#### Task to complete
Copy each entry precisely as written, and do not carry over the pictures.

#### Provided information

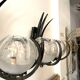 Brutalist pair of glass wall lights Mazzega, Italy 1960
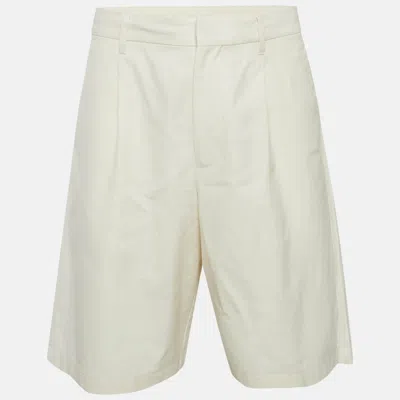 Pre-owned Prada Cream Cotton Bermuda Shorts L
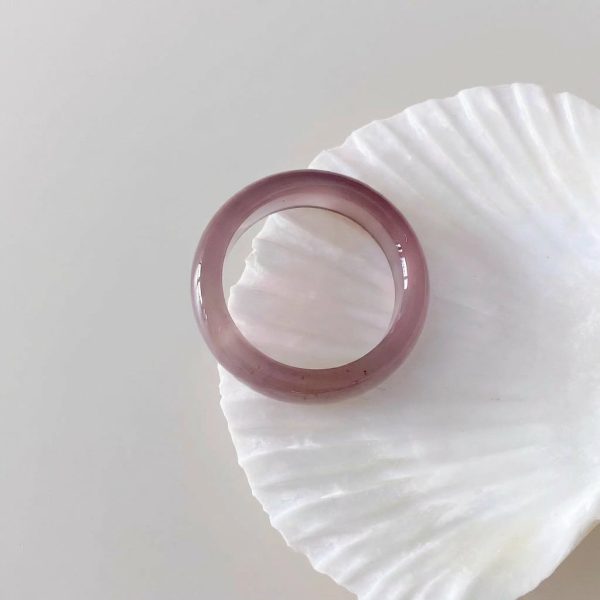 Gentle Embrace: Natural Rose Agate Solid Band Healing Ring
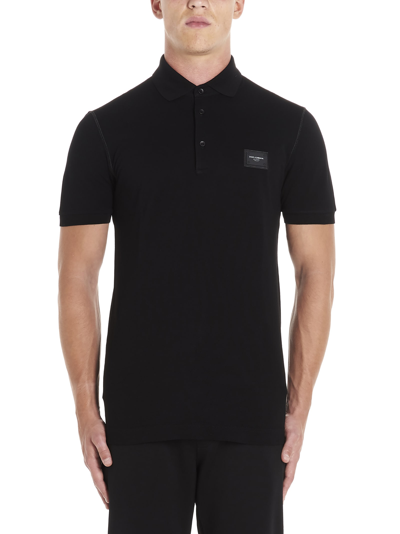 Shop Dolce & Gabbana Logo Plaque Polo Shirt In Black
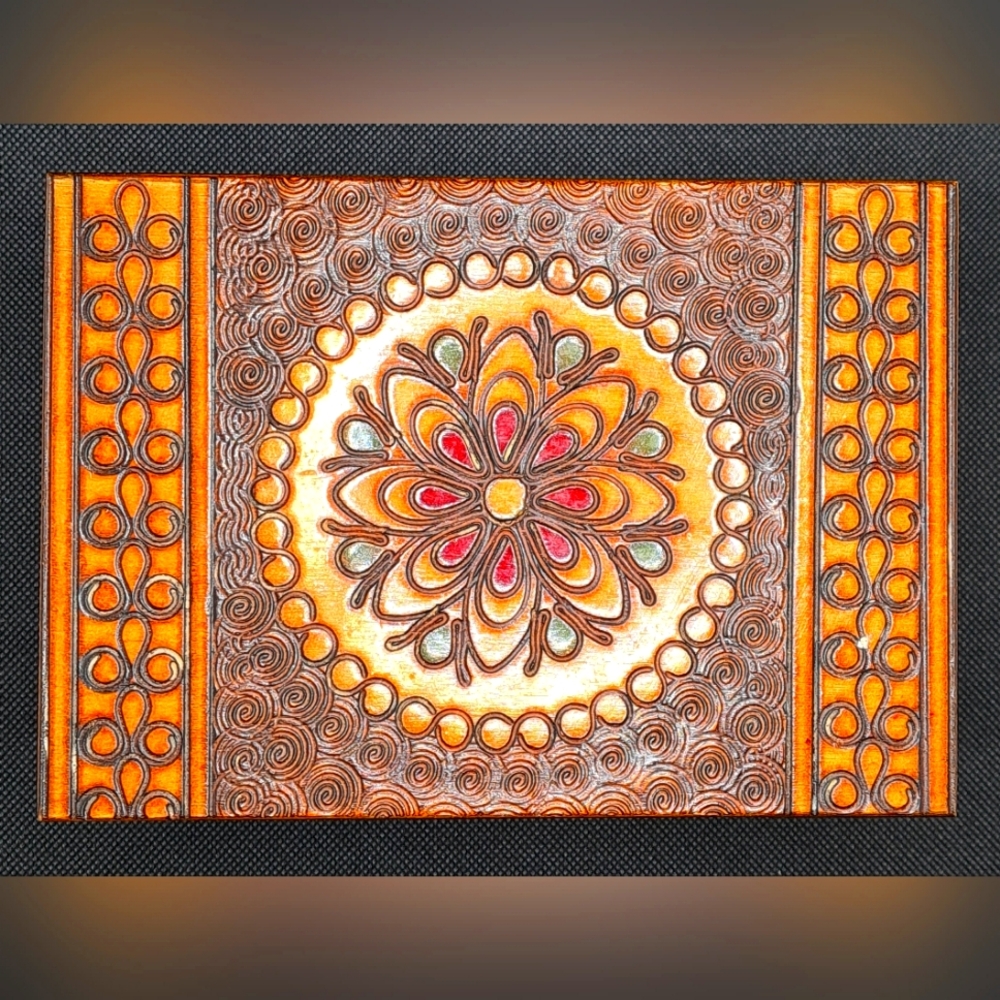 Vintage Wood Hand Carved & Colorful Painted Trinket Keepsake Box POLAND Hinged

#### Result of this exercise
 Brutalist pair of glass wall lights Mazzega, Italy 1960
 Pre-owned Prada Cream Cotton Bermuda Shorts L
 Gentle Embrace: Natural Rose Agate Solid Band Healing Ring
 Shop Dolce & Gabbana Logo Plaque Polo Shirt In Black
 Vintage Wood Hand Carved & Colorful Painted Trinket Keepsake Box POLAND Hinged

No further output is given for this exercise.